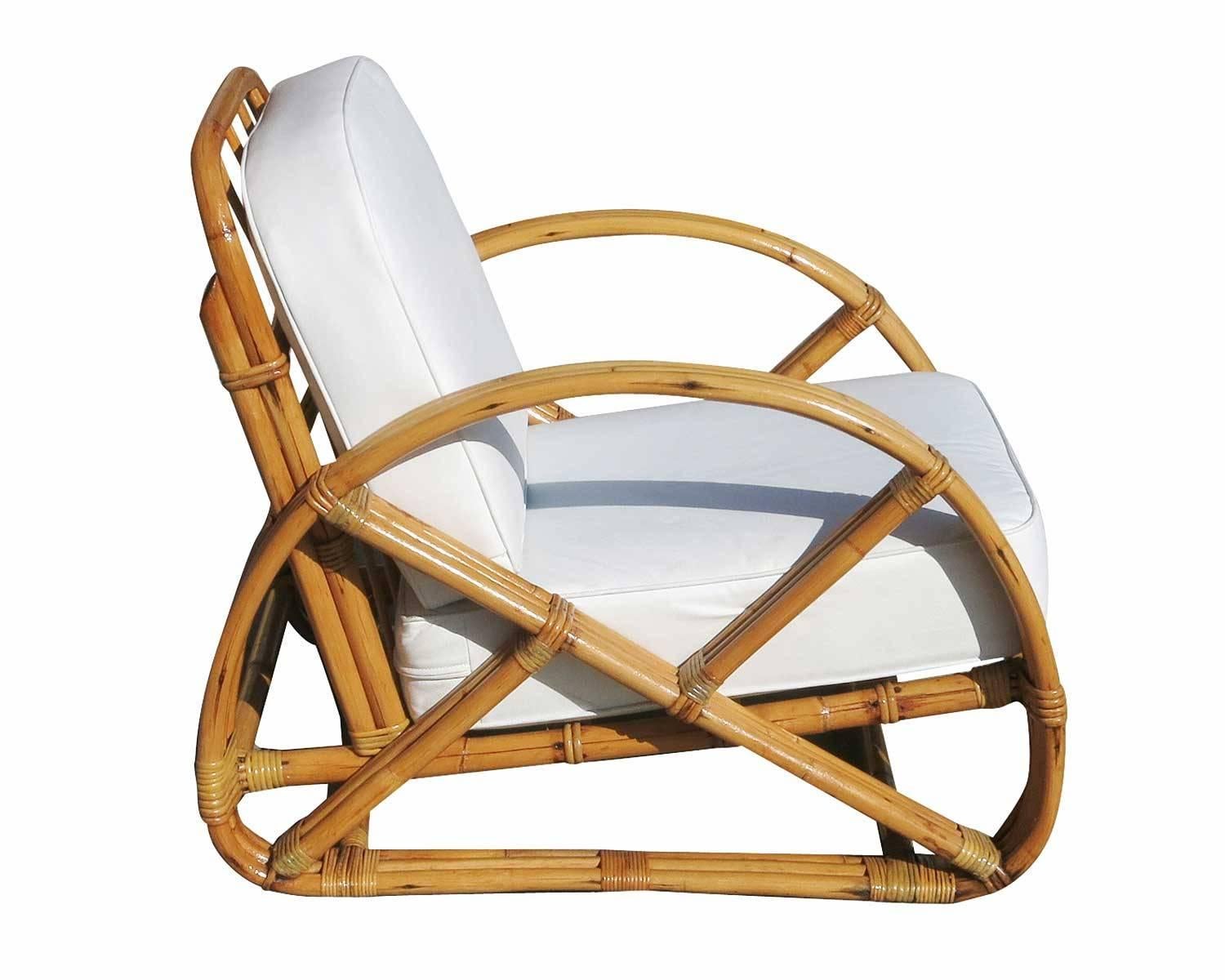 Original 1940s three strand Frankl round pretzel arm lounge chair pair. This chair sets features steam formed stick rattan accents and wicker wrapped joints.

Restored to new for you.

All rattan, bamboo and wicker furniture has been painstakingly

EXERCISE DIRECTIONS:
The expected answer is the data retyped exactly, without pictures.

RESPONSE:
 Original 1940s three strand Frankl round pretzel arm lounge chair pair. This chair sets features steam formed stick rattan accents and wicker wrapped joints.

Restored to new for you.

All rattan, bamboo and wicker furniture has been painstakingly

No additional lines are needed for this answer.